By Keith E. Hernandez
November 15, 2010

Many communities throughout the country have been struggling with the problems caused by the burst of the housing bubble in 2008. Some neighborhoods that were already saddled with blighted housing now had the burden of additional housing that was vacated due to bank foreclosures. With Federal assistance being provided in the form of Neighborhood Stabilization Program (NSP) funds, communities could acquire foreclosed homes and demolish some of the more challenged structures.

In the early part of the 2000s, prior to the crisis of 2008, cities such as Detroit, Michigan had been dealing with a rapidly decreasing population with an aging, neglected housing stock for years. One of the ideas that had been considered by the Detroit city planners was that of “urban villages”, a way to increase density by grouping new and rehabilitated houses in close proximity to each other, eliminating poor housing stock through demolition, and using plantings to create “greenbelts” in sections of the city that would be mothballed until situations were made right for redevelopment. It was an idea that was effectively a way of saving the salvageable and working to make things better for the future. The idea was shelved by policymakers who criticized it as a sign of surrender.

The idea has been re-introduced in Detroit and a number of other cities through the urban gardening movement. Urban gardeners are working to create places where central city residents can have access to healthy, locally grown foods by starting community gardens in newly created vacant lots, due to the use of NSP demolition dollars, in their neighborhoods. Conceptually, two issues that plague low income areas would be addressed with a single solution: fresh food access and an aesthetic solution to the lack of development in these areas. Planners and gardeners are working hand in hand to identify suitable locations and get community associations involved in cultivation, crop selection, and plot maintenance. The underlying issues of fresh food access and blight are still in effect, but the solution is a clever way to begin to address them. However, the prospect of the proliferation of urban gardens has not been completely embraced by community leaders.
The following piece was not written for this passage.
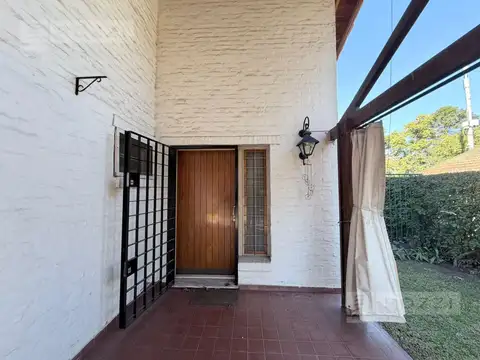Casa en Venta con 1 cochera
There is still no satisfactory answer to who will ultimately control the land on which the gardens grow. Is it the city itself, the gardeners or the neighborhood associations? If they revert back to the city when the time comes to redevelop, what is the city’s role in filling the void in healthy food access? If the gardeners are the new owners, would they readily relinquish to developers if the communities become desirable locations for new housing? What is the commitment to re-establishing a residential tax base from the gardeners and associations if they are satisfied with the gardens that have replaced the housing?

One major issue that has been overlooked for the most part is the role that gardens play in highlighting a neighborhood’s shortcomings. Ostensibly, the more gardens on city controlled land that a neighborhood has, the more tangible evidence in its recent past has been a less desirable neighborhood in which to live. Each garden replaces a blighted structure or a place where there was an opportunity to build. In a sense, each garden stands to represent an outward failure of the neighborhood to perform its function: to house residents and provide desirable communal opportunities. Planners must take care to spread gardening opportunities on city controlled land as equitably as possible or take the risk of experiencing resistance from neighborhood associations that fear being stigmatized.